Mount Prospect residents could see an increase in the vehicle sticker from $36 to $45. Also, depending on what the board decides, the local motor fuel tax could increase from two cents per gallon to four cents or five cents. But the biggest blow would come from the rise in refuse fees from $100 to $243. In addition, the tax levy could increase by 1 percent to help pay for street work.
Erb traced the plan's evolution from its earlier stages in the finance commission, starting with the original concept of raising $2.2 million in new money for the streets fund. However, Erb said, that plan, and another one that was considered, would not have addressed the backlog in street repairs.
Fast forward to Tuesday night's committee of the whole meeting, where Erb presented a "hybrid" plan.
This would involve issuing bonds to raise $5.5 million in new dollars, to be paid back with an average annual debt service of $630,000 paid out over 10 years.
Hiking the existing refuse fee of $100 to $243 would raise an additional $1.85 million annually. The sticker fee increase would raise an extra $350,000. An increase from 2 cents to 5 cents in the motor fuel tax would raise $500,000.
In addition, the plan includes a 6 percent or $615,000 increase in the property tax levy, with about 1 percent of the increase going to streets and the rest used to pay other expenses such as pensions.

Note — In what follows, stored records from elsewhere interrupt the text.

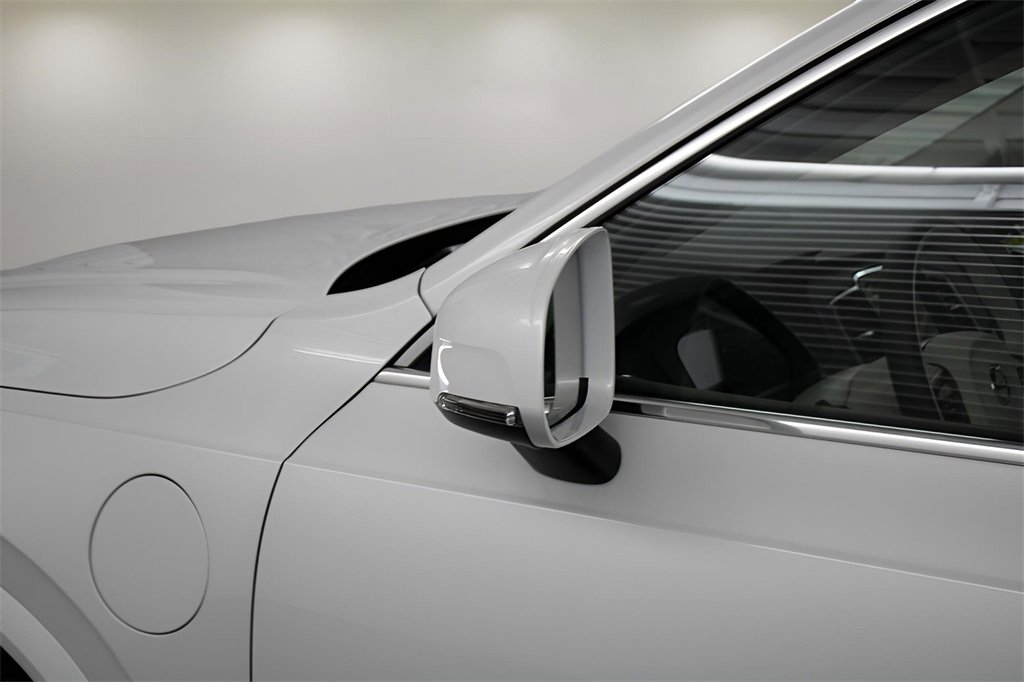 Certified 2025 Volvo XC90 T8 Plus w/ Protection Package Premier image 10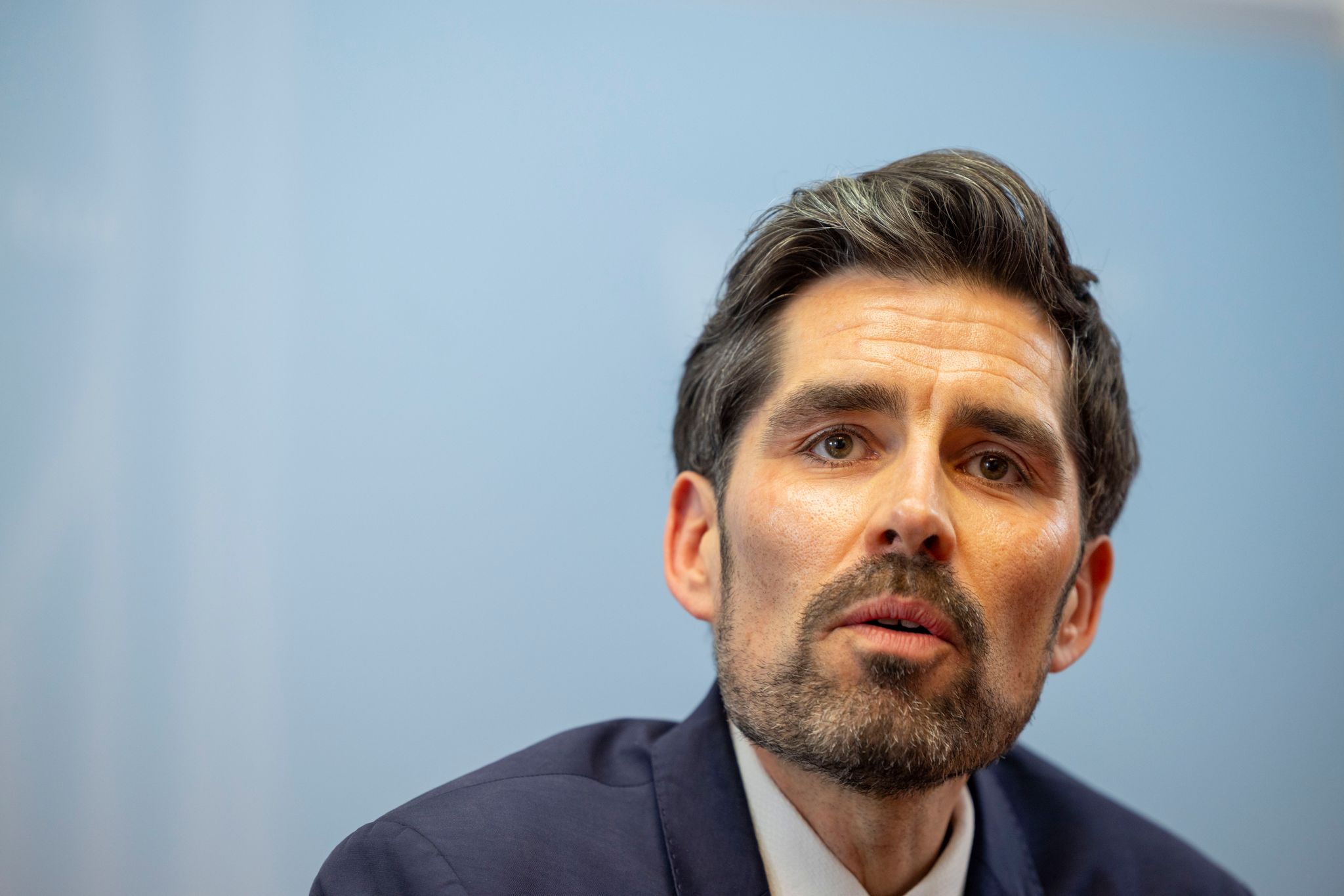 Jedes Kind habe das Recht, gut und sicher lernen zu können, sagt Bildungsminister Sven Teuber (SPD). (Archivbild)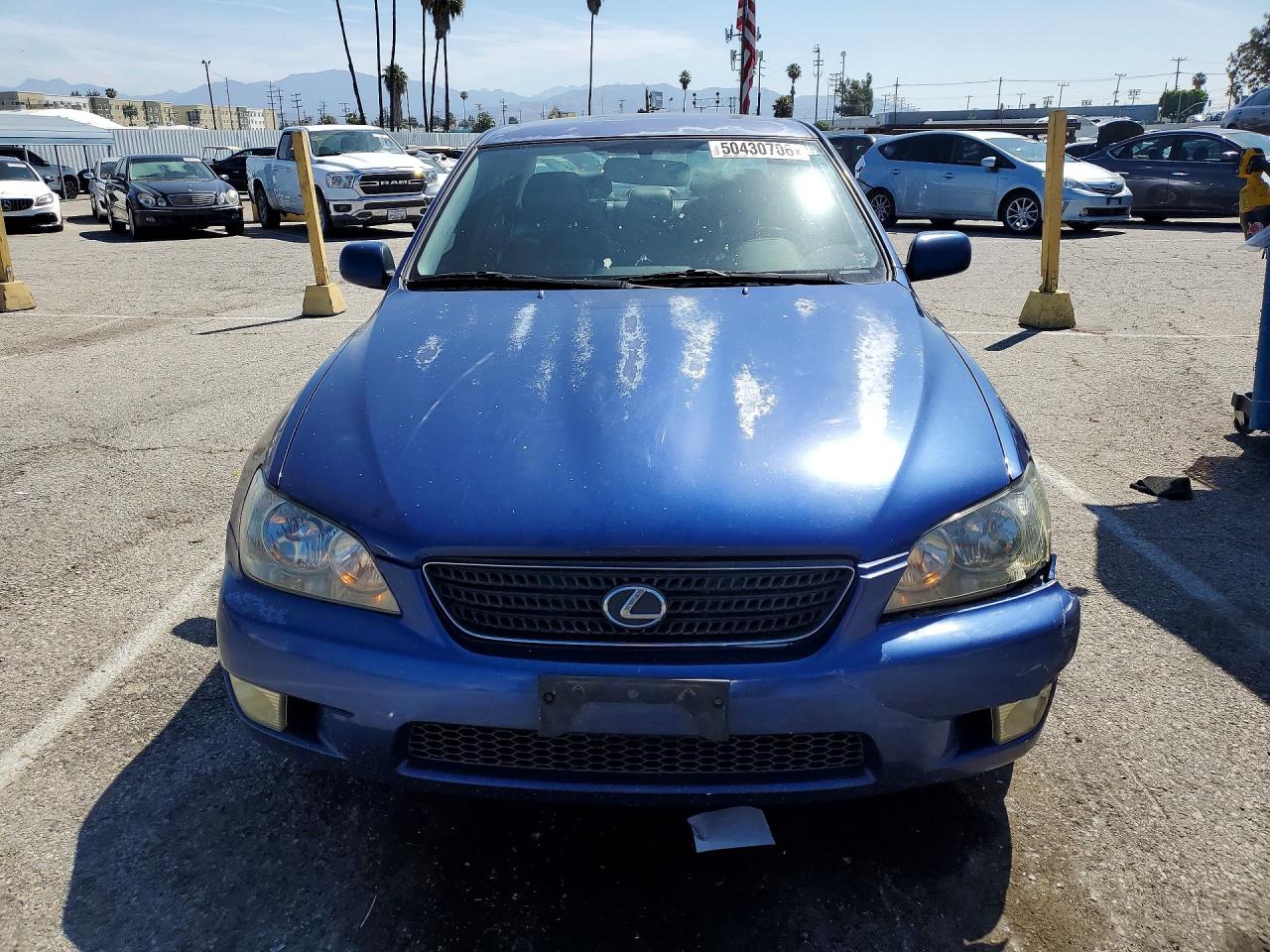 2003 LEXUS IS 300 photo 5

Trustee Michael Zadel focusing on the refuse fee hike. " I have a real problem with that increase. That's a very steep increase," he said.
Trustee Paul Hoefert agreed, calling it "a little too massive" and suggesting the village make the increase more gradual, adding, "I think we have a done a good job in certain areas, like the water fund, where we increase it a little bit every year and it's not as painful to people."

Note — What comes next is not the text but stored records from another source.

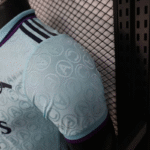 camiseta-arsenal-entrenamiento-version-jugador-2025-2026-puño-izquierdo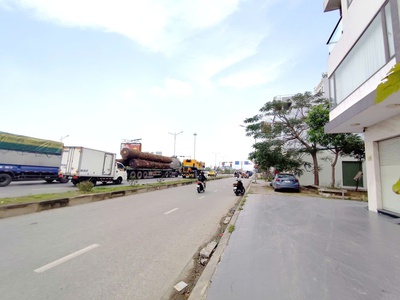 Đất mặt đường bùi viện - 71m - mt 4.4m - vỉa hè 5m - giá 6.9 tỉ - gần bến xe vĩnh niệm 2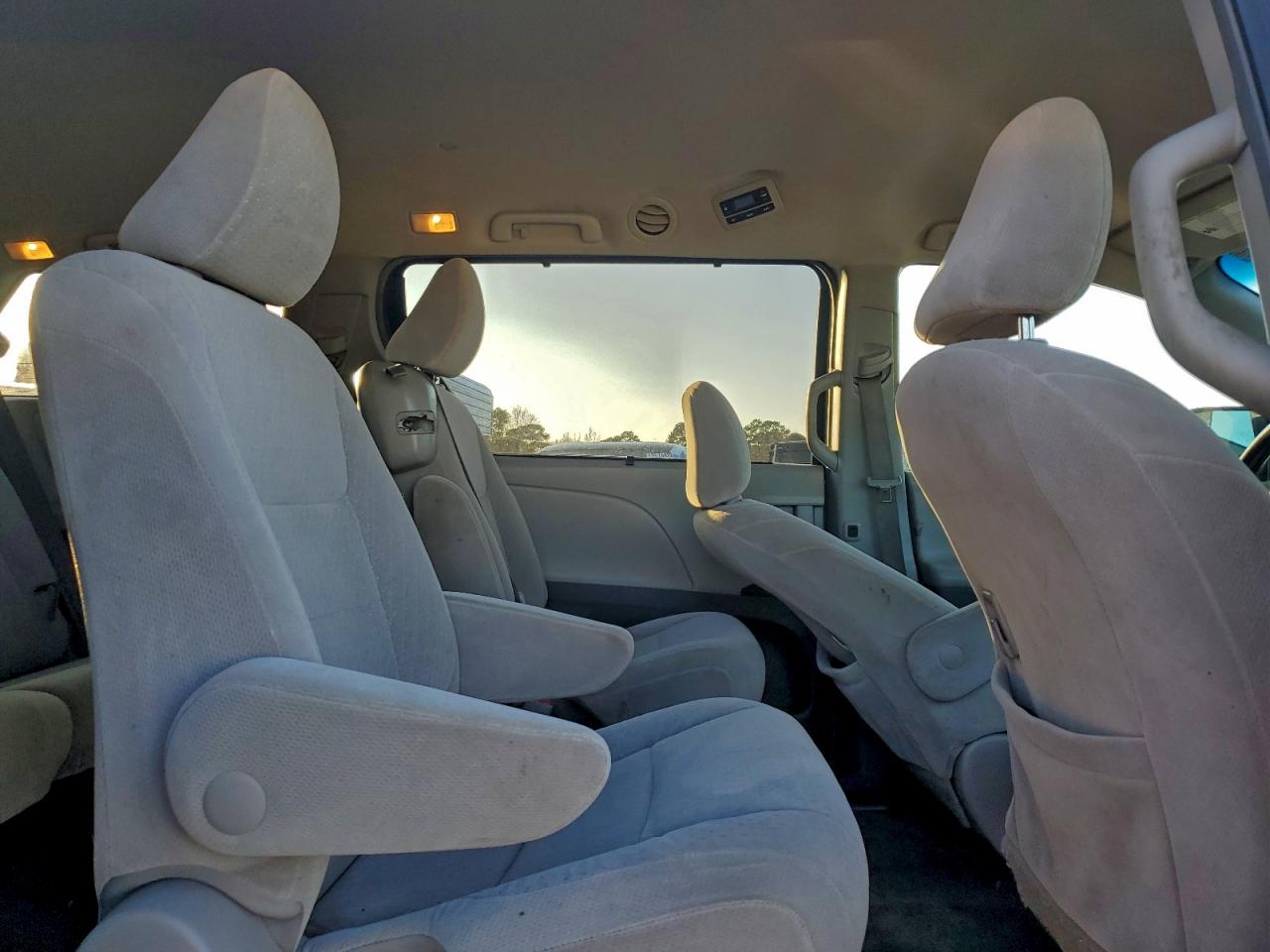 Toyota Sienna Le Image 8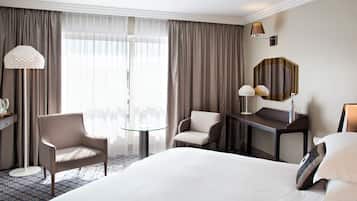 1 bedroom, down duvets, Select Comfort beds, minibar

He used the example of Metra, which kept fares steady for more than a decade, before stunning commuters with a sudden increase.
"I just think that is hard on people that are trying to manage day to day, week to week, month to month and then all of a sudden have a big increase."
Hoefert also speculated that the extra pennies at the pump might motivate drivers to fill up in other communities.
Trustee A. John Korn called the $9 sticker increase "very reasonable, compared to what some other people are paying," but said he viewed refuse fee as a charge for a service, not as place to obtain tax revenue.
Mayor Arlene Juracek had her own analogy for the plan.
"I kind of liken this to squeezing every last drop of toothpaste out of the toothpaste tube. And we have squeezed and squeezed and squeezed … and there is nothing left to squeeze out of it." Now, she said, it is time to buy a new tube of toothpaste.